Muitos adultos justificam as mentiras que contam às crianças como “necessárias”, já que, segundo eles, as crianças ainda não teriam maturidade emocional suficiente para entender as coisas. Entretanto, a consagrada terapeuta Laura Gutman diz em seu livro best seller “A biografia humana” que isso não é verdade, já que, ela afirma, “uma criança não é menos emocionalmente inteligente do que um adulto”.
Como gerar saúde mental em uma criança
É claro que não se deve expor todas as verdades à uma criança do mesmo modo que se faz com um adulto. Cada idade possui suas linguagens e códigos. Entretanto, esconder de uma criança assuntos importantes como a morte de um parente, os motivos da separação dos pais, uma adoção, ou doenças na família, significa, muitas vezes, abrir uma porta para os transtornos psicológicos de ordem social na vida adulta dessa criança.
A opção mais adequada é sempre dizer a verdade. Crianças merecem saber a verdade. Para alguns pode parecer óbvio o que digo, mas esses indivíduos de pouca idade também são indivíduos; e tais como qualquer adulto, também pensam e sentem coisas complexas, mesmo que por falta de vocabulário eles nem sempre consigam se expressar tão bem quanto nós. Na maioria das situações, crianças possuem percepções emocionais bastante parecidas com as dos adultos. Ignorar isto é um erro.

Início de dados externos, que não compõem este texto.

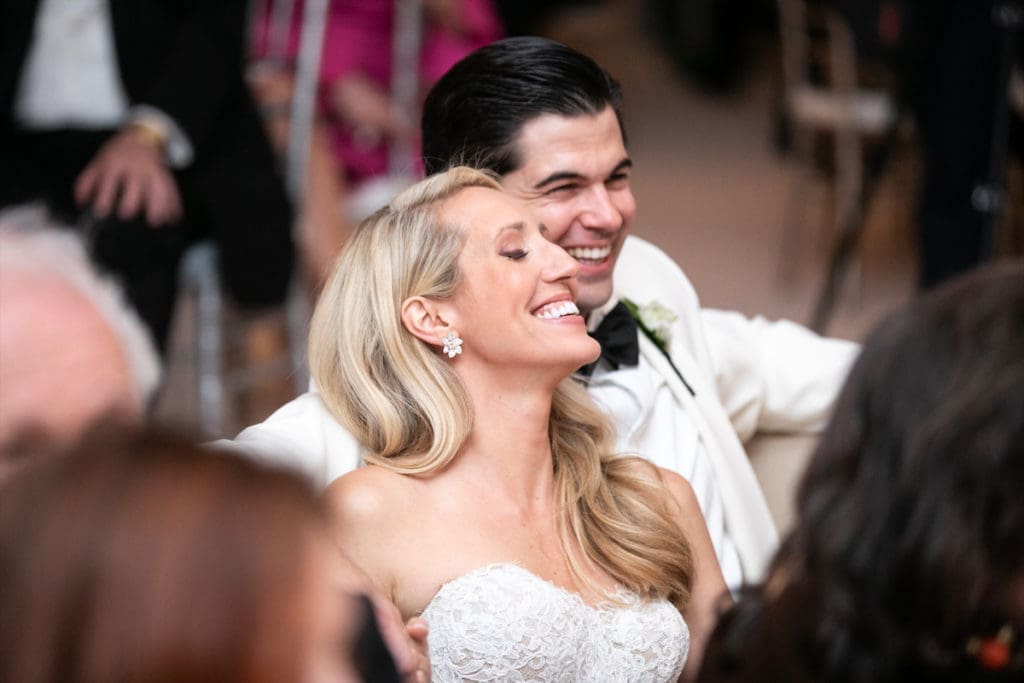 Mr. & Mrs. Luke Davis (Photo by John Cain)
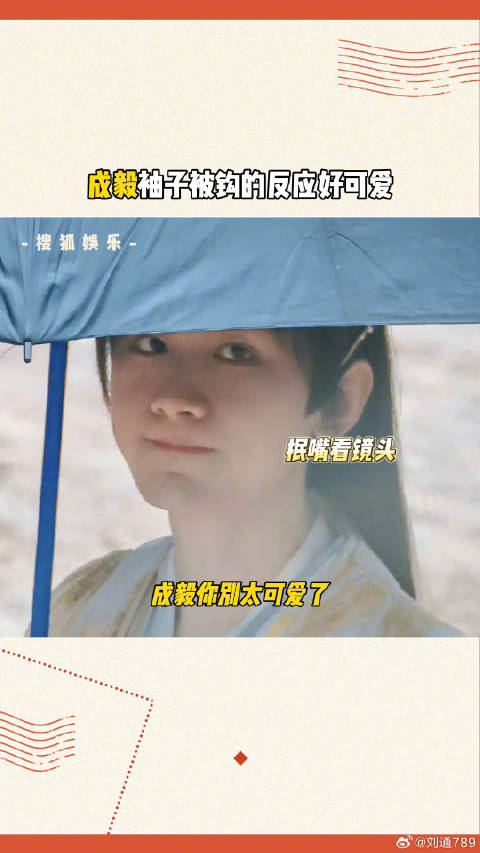 成毅 没错了️微博VC计划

Outro erro nosso como sociedade é que, enquanto adultos, não contamos algumas coisas para as nossas crianças por acharmos que são apenas crianças, e não vão entender. Seguindo o nosso exemplo, quando essas crianças crescem, elas não nos contam suas coisas por acharem que somos velhos demais, e não vamos entender. Com isso, os laços não se fortalecem. Não existe mente humana saudável sem laços sociais de confiança.
Seja lá em que ponto dessa corrente você esteja, corte já este ciclo! Lembre-se: sentimentos não possuem idade; não são necessários diplomas para se desvendar olhares; e conexões verdadeiras só se estabelecem através da verdade. Sempre conte a verdade para as crianças!